▶ [Exercise brief]
The expected output is the data below, character for character, without its pictures.

▶ [The data]
★ ★ ★ ★ ★ ★ ★

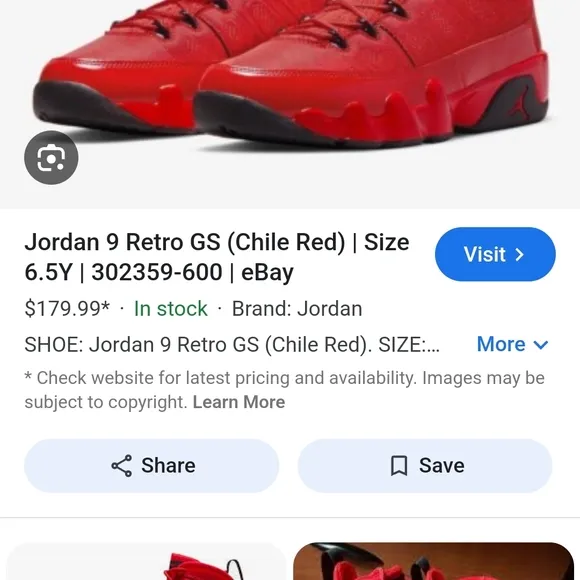 Jordan Kids Retro 9 GS Red Sneakers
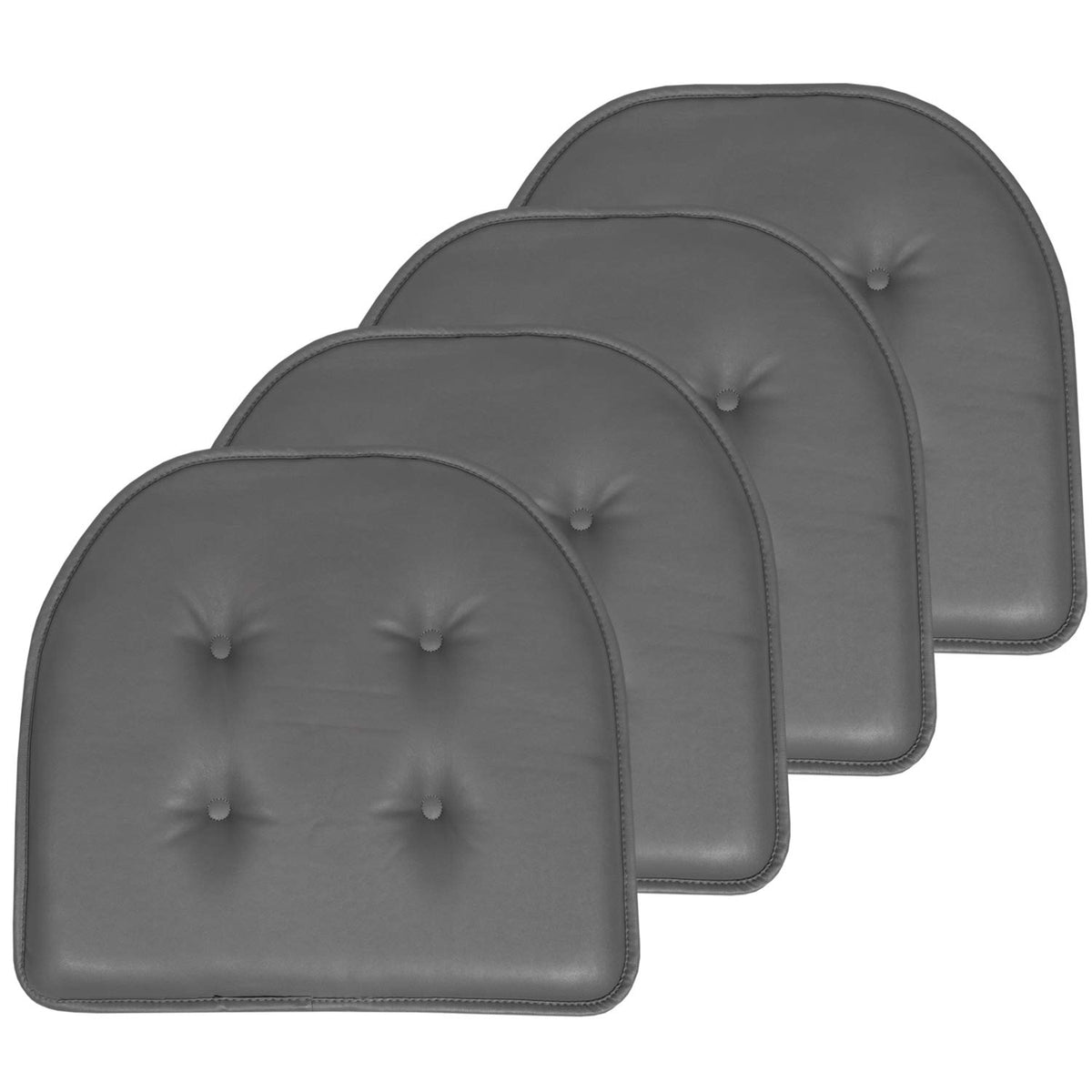 Sweet Home Collection Chair Cushion Memory Foam Pads Tufted Slip Non Skid Rubber Back U-Shaped 17" x 16" Seat Cover, 6 Pack, Checkered Taupe/White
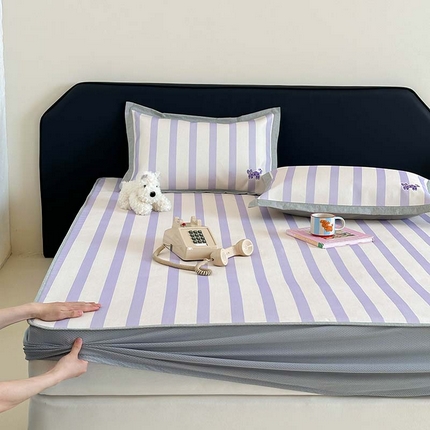 昔可家纺 2024新款A类900D数码印花刺绣床笠款冰丝席 波点紫猫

★ ★ ★ ★ ★ ★ ★

▶ [Problem solution]
 Jordan Kids Retro 9 GS Red Sneakers
 Sweet Home Collection Chair Cushion Memory Foam Pads Tufted Slip Non Skid Rubber Back U-Shaped 17" x 16" Seat Cover, 6 Pack, Checkered Taupe/White
 昔可家纺 2024新款A类900D数码印花刺绣床笠款冰丝席 波点紫猫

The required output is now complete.